1400 Höhenmeter Klettersteig – eine echte Ansage und nur genussvoll, wenn eine Gehzeit von 10 bis 11 Stunden zum normalen Repertoire zählt. Und weil allein die Anzahl der Wanderstunden nicht reicht, sind auch noch einzelne ausgesetzte Passagen auf der langen, kräftezehrenden Tour ohne Sicherung zu bewältigen. Somit sollte klar sein, dass der Kaiserschützensteig nur etwas für erfahrene Bergwanderer ist, die über hochalpines Wissen verfügen und auch bei viel Luft unter den Sohlen nicht die Nerven verlieren.

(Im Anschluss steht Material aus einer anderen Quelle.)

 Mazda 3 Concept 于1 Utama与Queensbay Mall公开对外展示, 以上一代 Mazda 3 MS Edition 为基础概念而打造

Übrigens: Der Kaiserschützensteig wurde 1987 gebaut – zum Gedenken an die Opfer des Ersten und Zweiten Weltkrieges.
Ausgangspunkt für die Tour ist im Kaisertal das Hans-Berger-Haus. Unbedingt übernachten, gilt es doch die Hüttenbibliothek ausgiebig zu erkunden, einen Plausch mit der umtriebigen Hüttenwirtin (auch Wilde Kaiserin genannt) zu halten oder einfach nur den tibetischen Gebetsfahnen beim Spiel mit dem Wind zuzusehen und dabei ein Glaserl zu trinken. Wir empfehlen, für den Klettersteigtag Lagerbetten in der Gruttenhütte zu reservieren. Dann müssen die müden Beine nicht mehr den letzten Abstieg bis zur Wochenbrunner Alm machen, bzw. ganz ins Tal, und man kann noch einmal einen Sonnenuntergang auf der Hüttenterrasse erleben und am nächsten Tag mit neuen Kräften den letzten Abschnitt ins Tal problemlos meistern. Der Kaiserschützensteig ist definitiv eine majestätische Tour, die mit zwei Übernachtungen auf zwei Hütten zu einem Wochenendtrip ausgedehnt wird. Bitte nur bei sehr stabilem Wetter gehen und wenn sicher ist, dass die Wege eis- und schneefrei sind.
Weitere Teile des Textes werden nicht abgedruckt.